Bolivarian Education in Venezuela
I never heard the words “accountability” or “high stakes testing” once in a recent educator delegation to Venezuela. As a U.S. professor of teacher education, I seldom have discussions about education policies and realities in my own country without confronting these fraught concepts. But in the schools and educational systems of Venezuela? Not part of the discussion.
The dialogue there is more about education as a human right and what the government is responsible to provide. It’s not about outcomes, as we might say, but more about access and opportunity. What our small group from the U.S. encountered was a wealth of testimonials, not testing.
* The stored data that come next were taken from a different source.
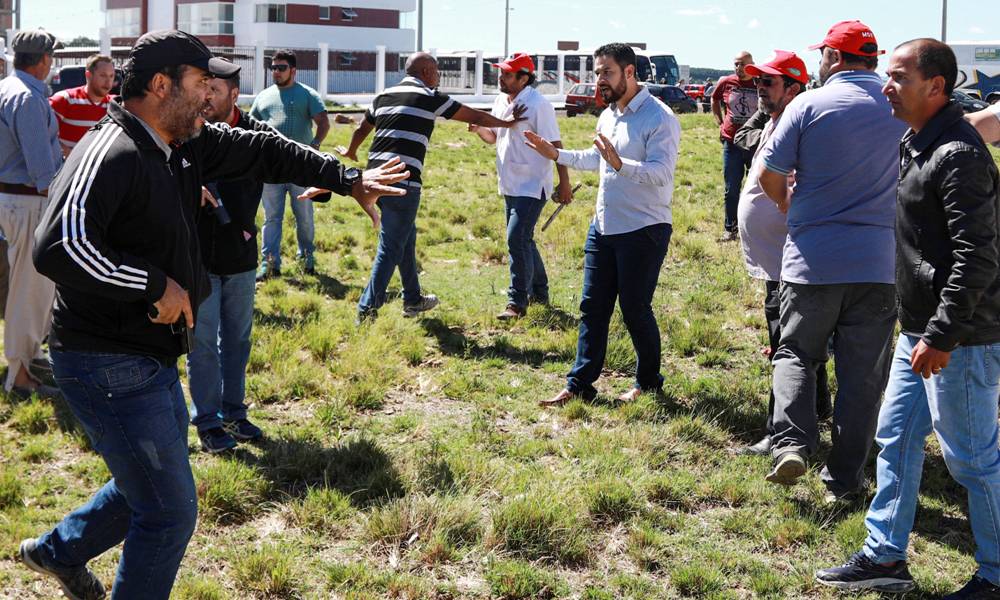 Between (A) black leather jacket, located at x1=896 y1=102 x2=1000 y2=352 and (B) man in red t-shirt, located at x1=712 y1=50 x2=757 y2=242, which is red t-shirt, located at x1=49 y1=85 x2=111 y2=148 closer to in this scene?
(A) black leather jacket, located at x1=896 y1=102 x2=1000 y2=352

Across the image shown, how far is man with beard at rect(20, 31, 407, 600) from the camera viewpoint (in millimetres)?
3404

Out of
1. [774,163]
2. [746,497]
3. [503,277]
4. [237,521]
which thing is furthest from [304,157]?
[503,277]

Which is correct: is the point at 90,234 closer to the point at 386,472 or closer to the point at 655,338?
the point at 386,472

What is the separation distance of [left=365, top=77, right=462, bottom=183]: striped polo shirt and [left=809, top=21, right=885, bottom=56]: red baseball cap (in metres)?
3.88

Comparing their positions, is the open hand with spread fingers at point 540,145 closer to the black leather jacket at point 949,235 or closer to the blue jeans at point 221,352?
the blue jeans at point 221,352

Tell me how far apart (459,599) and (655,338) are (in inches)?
119

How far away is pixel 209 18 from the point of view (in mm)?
68188

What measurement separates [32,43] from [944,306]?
5.61 m

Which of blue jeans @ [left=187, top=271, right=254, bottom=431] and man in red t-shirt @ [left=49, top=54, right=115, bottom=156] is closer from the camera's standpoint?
blue jeans @ [left=187, top=271, right=254, bottom=431]

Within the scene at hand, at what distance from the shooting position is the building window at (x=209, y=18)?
67.6 m

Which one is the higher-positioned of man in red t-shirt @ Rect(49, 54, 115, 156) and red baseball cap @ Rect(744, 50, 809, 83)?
red baseball cap @ Rect(744, 50, 809, 83)

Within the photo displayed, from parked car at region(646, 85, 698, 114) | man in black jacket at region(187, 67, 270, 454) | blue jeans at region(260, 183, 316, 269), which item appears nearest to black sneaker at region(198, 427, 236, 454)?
man in black jacket at region(187, 67, 270, 454)

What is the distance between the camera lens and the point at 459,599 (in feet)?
14.7

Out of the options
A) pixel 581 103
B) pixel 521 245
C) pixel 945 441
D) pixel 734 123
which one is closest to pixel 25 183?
pixel 521 245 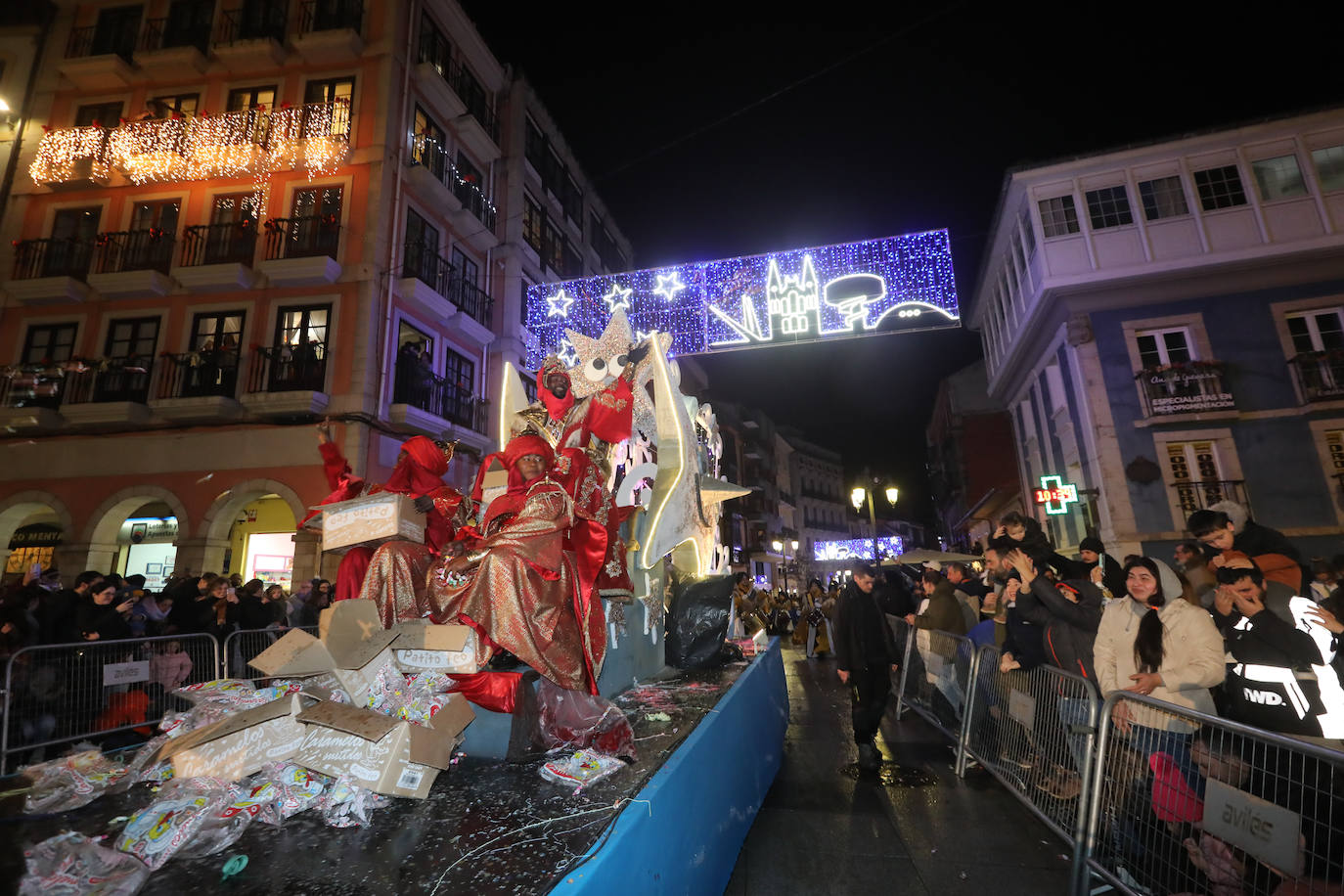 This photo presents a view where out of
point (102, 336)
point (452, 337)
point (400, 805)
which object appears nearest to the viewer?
point (400, 805)

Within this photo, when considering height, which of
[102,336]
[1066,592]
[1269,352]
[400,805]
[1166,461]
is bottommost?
[400,805]

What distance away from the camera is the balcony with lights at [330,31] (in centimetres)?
1398

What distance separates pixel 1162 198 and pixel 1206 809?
18.2 meters

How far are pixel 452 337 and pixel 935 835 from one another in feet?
50.7

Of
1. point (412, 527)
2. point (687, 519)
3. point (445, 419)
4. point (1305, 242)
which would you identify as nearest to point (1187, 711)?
point (687, 519)

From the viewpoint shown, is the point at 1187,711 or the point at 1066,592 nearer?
the point at 1187,711

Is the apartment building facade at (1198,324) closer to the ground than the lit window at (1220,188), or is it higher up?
closer to the ground

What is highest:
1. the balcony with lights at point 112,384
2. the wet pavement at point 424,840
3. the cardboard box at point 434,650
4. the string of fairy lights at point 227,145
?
the string of fairy lights at point 227,145

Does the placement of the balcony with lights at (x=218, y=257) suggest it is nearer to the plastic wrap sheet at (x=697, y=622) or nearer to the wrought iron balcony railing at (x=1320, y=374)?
the plastic wrap sheet at (x=697, y=622)

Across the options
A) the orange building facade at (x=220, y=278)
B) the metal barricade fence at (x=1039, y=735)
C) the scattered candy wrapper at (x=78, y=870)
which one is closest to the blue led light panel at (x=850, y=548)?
the orange building facade at (x=220, y=278)

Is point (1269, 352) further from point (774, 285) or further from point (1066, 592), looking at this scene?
point (1066, 592)

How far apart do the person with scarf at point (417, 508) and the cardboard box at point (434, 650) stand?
35cm

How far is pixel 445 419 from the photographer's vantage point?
1445 cm

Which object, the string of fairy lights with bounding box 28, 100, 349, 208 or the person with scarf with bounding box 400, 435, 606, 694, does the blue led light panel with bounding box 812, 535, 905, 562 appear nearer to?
the string of fairy lights with bounding box 28, 100, 349, 208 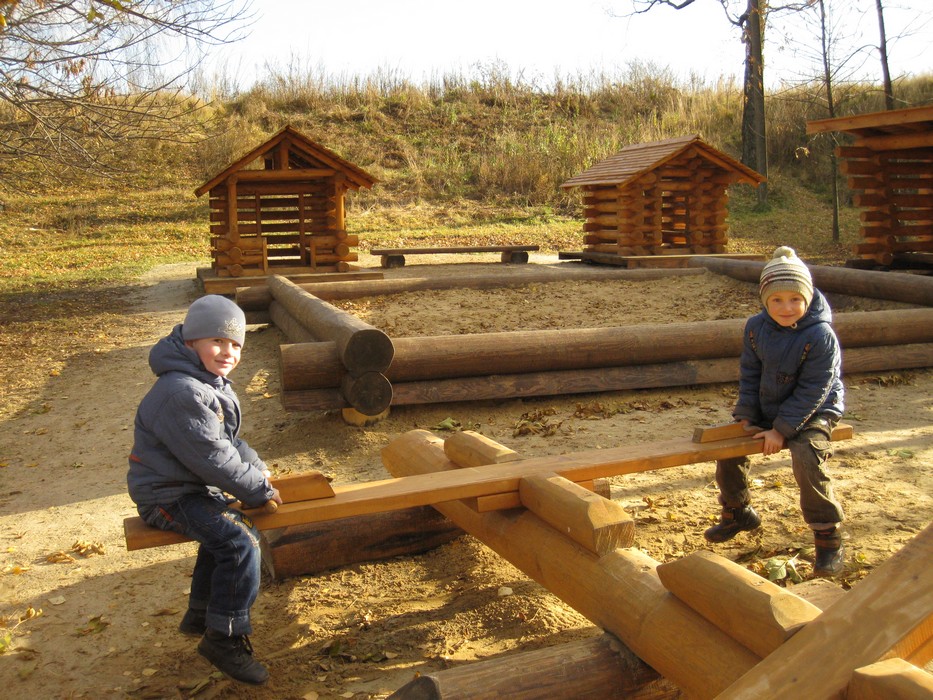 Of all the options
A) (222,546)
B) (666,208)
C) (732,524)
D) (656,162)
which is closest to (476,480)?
(222,546)

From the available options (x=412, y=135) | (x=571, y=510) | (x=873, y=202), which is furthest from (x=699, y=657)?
(x=412, y=135)

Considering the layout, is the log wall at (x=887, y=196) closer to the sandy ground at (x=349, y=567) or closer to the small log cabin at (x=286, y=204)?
the sandy ground at (x=349, y=567)

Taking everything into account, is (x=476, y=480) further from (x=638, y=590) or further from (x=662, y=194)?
(x=662, y=194)

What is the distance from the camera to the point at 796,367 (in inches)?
157

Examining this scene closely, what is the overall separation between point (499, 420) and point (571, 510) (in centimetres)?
359

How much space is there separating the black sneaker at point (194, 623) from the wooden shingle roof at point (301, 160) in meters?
10.4

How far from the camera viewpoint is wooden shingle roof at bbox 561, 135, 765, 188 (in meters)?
15.4

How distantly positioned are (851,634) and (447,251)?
50.5ft

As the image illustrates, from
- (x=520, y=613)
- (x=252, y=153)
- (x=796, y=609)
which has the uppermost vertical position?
(x=252, y=153)

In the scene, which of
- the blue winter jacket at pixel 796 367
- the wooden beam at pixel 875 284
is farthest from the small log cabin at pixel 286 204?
the blue winter jacket at pixel 796 367

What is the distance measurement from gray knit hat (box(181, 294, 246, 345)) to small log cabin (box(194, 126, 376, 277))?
10.4 m

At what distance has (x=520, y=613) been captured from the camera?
3738mm

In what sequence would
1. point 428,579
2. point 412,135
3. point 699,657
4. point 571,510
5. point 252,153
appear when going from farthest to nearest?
point 412,135, point 252,153, point 428,579, point 571,510, point 699,657

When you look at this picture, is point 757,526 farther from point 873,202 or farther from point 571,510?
point 873,202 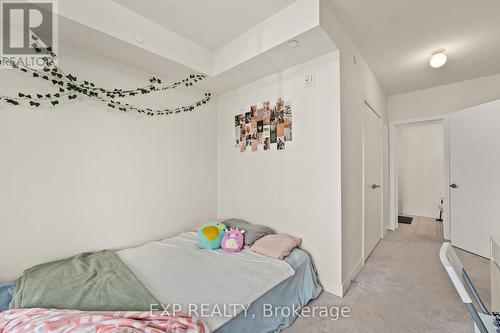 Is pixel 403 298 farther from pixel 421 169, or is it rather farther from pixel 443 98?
pixel 421 169

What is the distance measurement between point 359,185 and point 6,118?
3.19 meters

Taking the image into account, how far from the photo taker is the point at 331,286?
202 centimetres

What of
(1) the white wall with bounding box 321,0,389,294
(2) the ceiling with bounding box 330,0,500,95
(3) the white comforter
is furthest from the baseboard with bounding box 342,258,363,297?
(2) the ceiling with bounding box 330,0,500,95

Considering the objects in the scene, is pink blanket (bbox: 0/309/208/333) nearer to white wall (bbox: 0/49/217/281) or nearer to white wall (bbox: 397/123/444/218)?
white wall (bbox: 0/49/217/281)

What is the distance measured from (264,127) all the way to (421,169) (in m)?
4.71

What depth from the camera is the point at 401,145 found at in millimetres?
5227

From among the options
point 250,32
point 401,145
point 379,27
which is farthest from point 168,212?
point 401,145

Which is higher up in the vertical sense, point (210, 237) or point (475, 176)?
point (475, 176)

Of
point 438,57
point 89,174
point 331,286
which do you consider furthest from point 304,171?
point 438,57

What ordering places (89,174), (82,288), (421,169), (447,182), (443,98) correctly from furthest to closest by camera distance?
(421,169)
(443,98)
(447,182)
(89,174)
(82,288)

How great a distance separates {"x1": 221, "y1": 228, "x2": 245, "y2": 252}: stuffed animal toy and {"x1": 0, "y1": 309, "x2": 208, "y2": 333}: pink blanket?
0.95 meters

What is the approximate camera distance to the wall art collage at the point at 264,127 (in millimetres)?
2352

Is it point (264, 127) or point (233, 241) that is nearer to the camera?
point (233, 241)

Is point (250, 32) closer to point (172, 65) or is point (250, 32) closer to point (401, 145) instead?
point (172, 65) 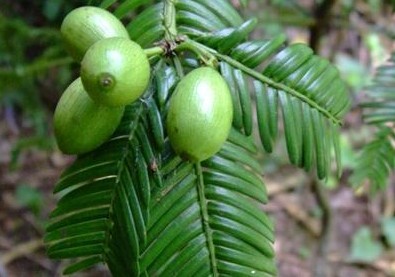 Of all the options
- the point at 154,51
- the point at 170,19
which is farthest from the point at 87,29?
the point at 170,19

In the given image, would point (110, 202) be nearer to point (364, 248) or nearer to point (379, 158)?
point (379, 158)

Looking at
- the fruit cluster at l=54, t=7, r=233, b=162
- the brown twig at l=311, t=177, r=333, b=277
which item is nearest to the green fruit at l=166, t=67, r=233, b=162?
the fruit cluster at l=54, t=7, r=233, b=162

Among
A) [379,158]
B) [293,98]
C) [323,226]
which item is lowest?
[293,98]

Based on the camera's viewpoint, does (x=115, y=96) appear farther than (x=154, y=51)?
No

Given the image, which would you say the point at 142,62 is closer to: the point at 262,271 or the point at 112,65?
the point at 112,65

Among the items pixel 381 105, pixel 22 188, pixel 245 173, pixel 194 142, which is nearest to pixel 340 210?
pixel 22 188

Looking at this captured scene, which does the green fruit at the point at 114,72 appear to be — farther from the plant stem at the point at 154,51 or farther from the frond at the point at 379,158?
the frond at the point at 379,158

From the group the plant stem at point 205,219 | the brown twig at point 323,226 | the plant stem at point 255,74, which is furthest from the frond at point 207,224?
the brown twig at point 323,226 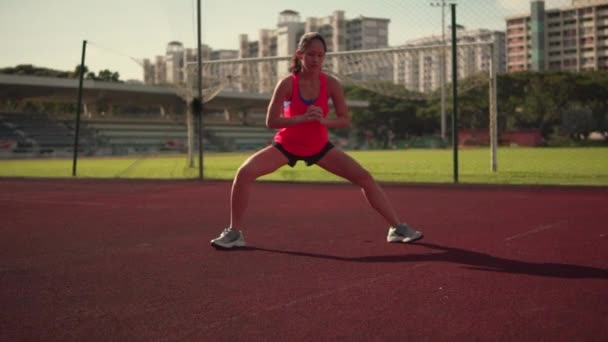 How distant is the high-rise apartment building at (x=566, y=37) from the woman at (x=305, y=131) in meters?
112

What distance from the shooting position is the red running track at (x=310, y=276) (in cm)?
303

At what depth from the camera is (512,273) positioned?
13.9 feet

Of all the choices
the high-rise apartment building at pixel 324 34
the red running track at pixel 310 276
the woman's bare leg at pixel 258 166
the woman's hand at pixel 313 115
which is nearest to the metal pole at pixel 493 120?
the red running track at pixel 310 276

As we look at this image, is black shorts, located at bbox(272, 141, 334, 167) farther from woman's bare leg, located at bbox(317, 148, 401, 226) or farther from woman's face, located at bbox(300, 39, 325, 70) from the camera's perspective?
woman's face, located at bbox(300, 39, 325, 70)

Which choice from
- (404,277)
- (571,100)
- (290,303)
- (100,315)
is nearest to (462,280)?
(404,277)

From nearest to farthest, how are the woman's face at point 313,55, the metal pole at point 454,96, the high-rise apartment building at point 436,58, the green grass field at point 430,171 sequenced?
the woman's face at point 313,55
the metal pole at point 454,96
the green grass field at point 430,171
the high-rise apartment building at point 436,58

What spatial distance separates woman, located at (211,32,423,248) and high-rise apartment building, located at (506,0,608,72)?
111966 mm

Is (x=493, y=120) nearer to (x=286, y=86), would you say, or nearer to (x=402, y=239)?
(x=402, y=239)

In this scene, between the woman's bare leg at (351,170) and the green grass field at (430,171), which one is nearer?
the woman's bare leg at (351,170)

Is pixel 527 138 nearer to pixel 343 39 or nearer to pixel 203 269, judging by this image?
pixel 203 269

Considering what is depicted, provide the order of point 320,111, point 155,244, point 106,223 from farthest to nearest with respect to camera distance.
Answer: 1. point 106,223
2. point 155,244
3. point 320,111

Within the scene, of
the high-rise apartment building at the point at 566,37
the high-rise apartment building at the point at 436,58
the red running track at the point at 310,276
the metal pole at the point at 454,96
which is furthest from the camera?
the high-rise apartment building at the point at 566,37

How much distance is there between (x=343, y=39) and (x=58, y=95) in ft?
305

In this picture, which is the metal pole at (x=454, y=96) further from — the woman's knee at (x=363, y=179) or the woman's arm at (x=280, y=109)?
the woman's arm at (x=280, y=109) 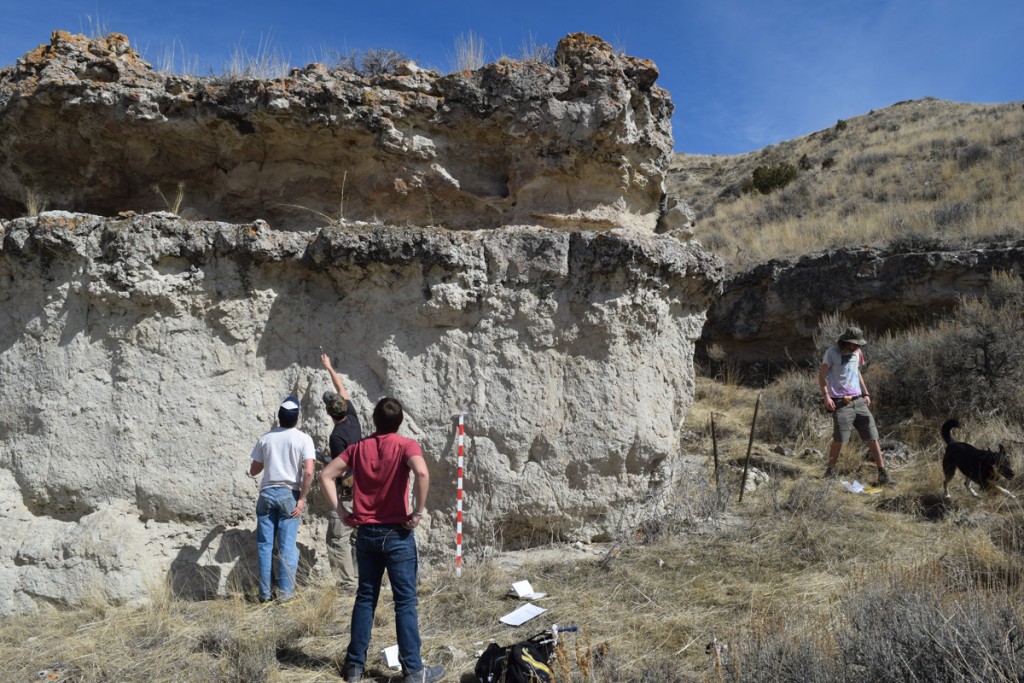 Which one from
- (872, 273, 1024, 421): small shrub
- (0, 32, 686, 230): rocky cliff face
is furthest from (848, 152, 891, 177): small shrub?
(0, 32, 686, 230): rocky cliff face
We also learned about some very concrete and positive results that have occurred since President Chavez began addressing the country’s widespread illiteracy and lack of access to schooling upon being elected to office in 1998. For example, by 2005, UNESCO declared that Venezuela had essentially eradicated illiteracy, with over 1.5 million people having newly learned to read and write, primarily through a Cuban-developed curriculum and pedagogical approach. The rate of secondary school enrollment rose from 53.6% in 2000 to 73.3% in 2011. Recently, UNESCO put Venezuela in 5th place in the world for the percentage of people enrolled in higher education – in second place in Latin America, behind Cuba. Public education in Venezuela is free for all, from pre-school through university, with free meals and transportation also provided.